Львов всегда поражает меня своей, так сказать, каменной целостностью. Я бывал тут дважды или трижды и каждый раз испытывал ощущение какой-то подавленности перед кирпичными великанами, которые стоят плечом к плечу, опираются друг на друга и, кажется, смотрят на тебя, как на букашку: неосторожное движение — и раздавят без сожаления…
Пекарская оказалась точно такой же улицей — населённой каменными и холодными великанами.
Дома стояли впритык, словно гордясь своей сплочённостью, нависали над брусчаткой, над вымощенными каменными плитами тротуарами, после дождя была мокрая, отполированный гранит брусчатки блестел, и казалось, что среди застывшей средневековой немоты ползёт такая же безмолвная, медлительная и неумирающая змея.
И ни одного деревца в этом каменном мешке.
— Ну и ну… — повертел я головой.
Крушельницкий сразу понял меня.
— Это тебе не каштановый Киев. Средневековье!
Машина ехала медленно, минуя ещё более узкие боковые переулки.
Оставили позади столовую или чайную, возле которой что-то доказывали друг другу не совсем трезвые мужчины, дальше улица несколько расширилась, появились деревья. Однако дома все же стояли впритык, и я подумал, сколько народу живёт в них, — вот проклятая Мария, не могла поселиться на маленькой уютной улице…

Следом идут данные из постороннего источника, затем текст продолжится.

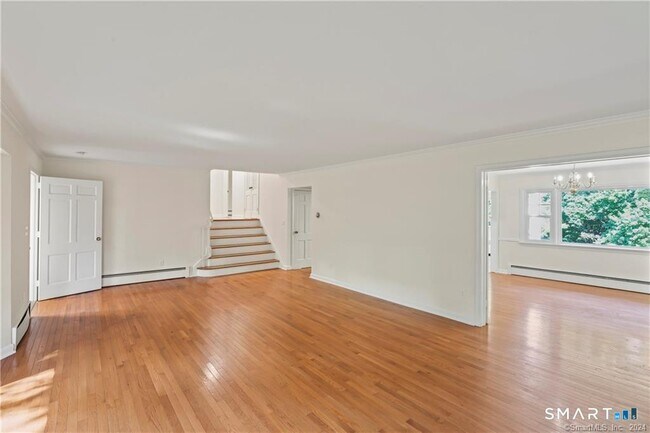 Photo - 791 Newfield Ave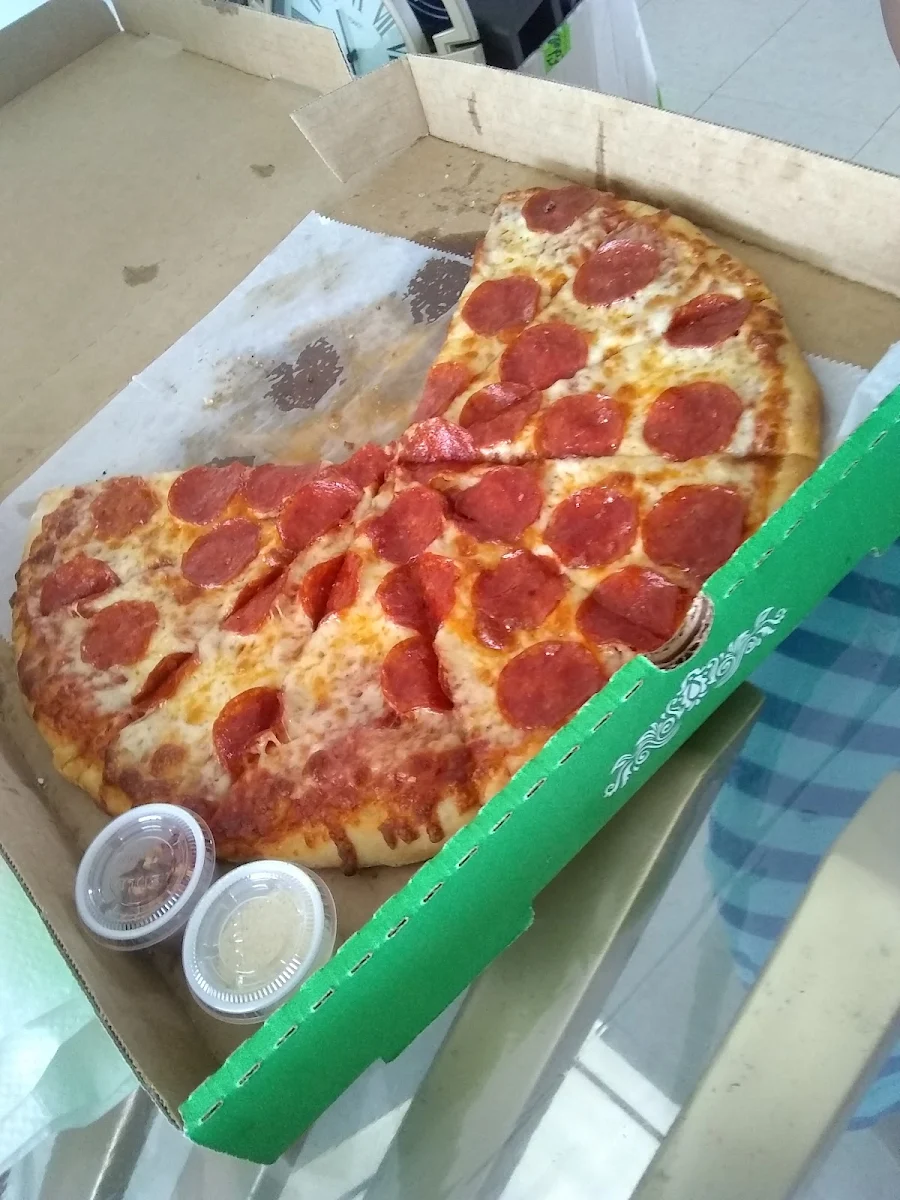 Medium Pepperoni Pizza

Нумерация на домах приближалась к сотне, слева появились здания явно служебного назначения.
— Мединститут, — пояснил Крушельницкий. — Дальше — Лычаковское кладбище.
На Лычаковском кладбище мне когда-то довелось побывать: видел впечатляющий памятник Ивану Франко, блуждал по бесконечным аллеям, где всегда многолюдно.